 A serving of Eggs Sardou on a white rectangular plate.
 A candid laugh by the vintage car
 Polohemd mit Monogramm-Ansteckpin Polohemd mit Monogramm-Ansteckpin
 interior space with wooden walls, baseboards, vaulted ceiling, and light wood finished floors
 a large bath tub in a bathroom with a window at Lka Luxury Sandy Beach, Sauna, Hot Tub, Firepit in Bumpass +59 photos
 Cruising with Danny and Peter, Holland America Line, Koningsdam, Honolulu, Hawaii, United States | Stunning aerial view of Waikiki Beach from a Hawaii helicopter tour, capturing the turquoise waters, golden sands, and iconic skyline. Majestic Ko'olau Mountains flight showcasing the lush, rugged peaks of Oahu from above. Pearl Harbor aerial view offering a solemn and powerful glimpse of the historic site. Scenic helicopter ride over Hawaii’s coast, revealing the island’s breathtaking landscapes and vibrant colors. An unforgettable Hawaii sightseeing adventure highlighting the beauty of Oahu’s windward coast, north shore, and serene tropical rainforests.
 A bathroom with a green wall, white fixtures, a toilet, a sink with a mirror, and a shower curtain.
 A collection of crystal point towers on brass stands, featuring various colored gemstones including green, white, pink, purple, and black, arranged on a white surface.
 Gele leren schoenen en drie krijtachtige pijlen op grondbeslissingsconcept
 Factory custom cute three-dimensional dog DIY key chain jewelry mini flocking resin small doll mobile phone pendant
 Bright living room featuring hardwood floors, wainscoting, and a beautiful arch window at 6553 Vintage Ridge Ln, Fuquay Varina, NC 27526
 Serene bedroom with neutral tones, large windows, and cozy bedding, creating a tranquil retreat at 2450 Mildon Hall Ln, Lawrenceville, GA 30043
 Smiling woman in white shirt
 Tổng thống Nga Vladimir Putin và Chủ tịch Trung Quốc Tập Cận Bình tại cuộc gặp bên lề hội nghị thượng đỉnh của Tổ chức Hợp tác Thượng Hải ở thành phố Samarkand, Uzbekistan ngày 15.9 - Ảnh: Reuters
--------
» TASK REQUIREMENTS
Give an exact copy of the lines above, from the top of the records to the line that contains "a large bath", taking in both ends.

» REPLY TO THE EXERCISE
 A serving of Eggs Sardou on a white rectangular plate.
 A candid laugh by the vintage car
 Polohemd mit Monogramm-Ansteckpin Polohemd mit Monogramm-Ansteckpin
 interior space with wooden walls, baseboards, vaulted ceiling, and light wood finished floors
 a large bath tub in a bathroom with a window at Lka Luxury Sandy Beach, Sauna, Hot Tub, Firepit in Bumpass +59 photos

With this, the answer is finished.